Although Fowler is confident that the problems created by demolition would be minimal, its location in the center of a public art festival seems unsightly and inconvenient during an event seen as a new opportunity for many city residents and visitors to experience Baltimore’s Inner Harbor in a positive way. In addition, the destruction of the beloved public fountain which is still hotly contested, in terms of it being a public work of art funded by voter referendum in the 1980’s and one of few remaining Brutalist structures, without an approved plan or full funding for the new and improved McKeldin Plaza seems unnecessarily rushed at best. When asked about the timing Fowler responded that, “If major construction was held up every time there is Downtown event, no new projects would ever be realized. “
Either way, the show will go on and Light City participants, including Fluid Movement, are excited for their projects to be realized in and around Baltimore’s Inner Harbor.
“We love the fountain and see our piece as a homage to McKeldin,” says Perez-Schere, of the upcoming performance. “We’re not necessarily doing a protest piece, but we are going to keep up hope that they can find a good solution for everyone, that we can all come together and agree on a way to preserve this historical structure… Maybe it could involve altering the space, keeping some of the fountain, or moving it. I wish that everyone could pull together to create a common goal that works for the people of Baltimore.”

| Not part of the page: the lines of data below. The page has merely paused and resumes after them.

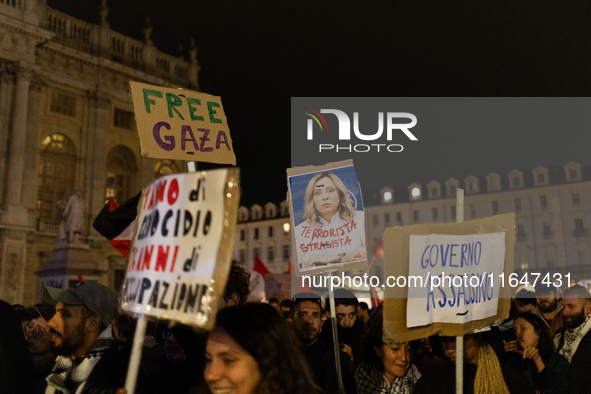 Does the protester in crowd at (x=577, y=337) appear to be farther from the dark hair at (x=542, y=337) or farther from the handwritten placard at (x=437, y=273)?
the handwritten placard at (x=437, y=273)

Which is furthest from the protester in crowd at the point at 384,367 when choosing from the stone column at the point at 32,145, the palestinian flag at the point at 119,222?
the stone column at the point at 32,145

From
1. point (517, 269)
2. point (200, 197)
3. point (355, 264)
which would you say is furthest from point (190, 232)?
point (517, 269)

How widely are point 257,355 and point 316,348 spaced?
2.63 metres

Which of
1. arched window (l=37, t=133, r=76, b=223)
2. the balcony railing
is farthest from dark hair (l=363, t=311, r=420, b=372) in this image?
the balcony railing

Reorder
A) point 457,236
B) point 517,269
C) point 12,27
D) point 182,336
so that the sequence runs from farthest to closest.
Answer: point 517,269
point 12,27
point 182,336
point 457,236

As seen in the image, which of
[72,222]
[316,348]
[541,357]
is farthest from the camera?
[72,222]

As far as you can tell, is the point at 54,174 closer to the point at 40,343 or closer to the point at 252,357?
the point at 40,343

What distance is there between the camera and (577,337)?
4.24 m

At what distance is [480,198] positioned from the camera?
53344mm

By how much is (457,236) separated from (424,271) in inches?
11.3

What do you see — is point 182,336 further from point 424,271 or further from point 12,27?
point 12,27

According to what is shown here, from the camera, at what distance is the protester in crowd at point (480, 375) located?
10.1 feet

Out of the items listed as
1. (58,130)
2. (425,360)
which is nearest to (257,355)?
(425,360)

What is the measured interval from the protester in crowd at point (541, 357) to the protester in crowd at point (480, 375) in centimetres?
58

On Fluid Movement’s upcoming participation in Light City, Perez-Schere said, “We want this festival, and this part of town, to be a success. Nobody wants this place to be a mess, blocked up in the center for construction when it is totally unnecessary. This is a visual public art event and it needs to look good. Why would you shoot yourself in the foot like that?”
Author Cara Ober is Founding Editor at BmoreArt
HydroPrismEchoChamber: Fluid Movement’s Ode to McKeldin Fountain in Light City, the no longer site-specific performance, is scheduled for Tuesday March 29 at 6:30, 8:30, and 10:30 and Saturday April 2, 6:30 and 8:30.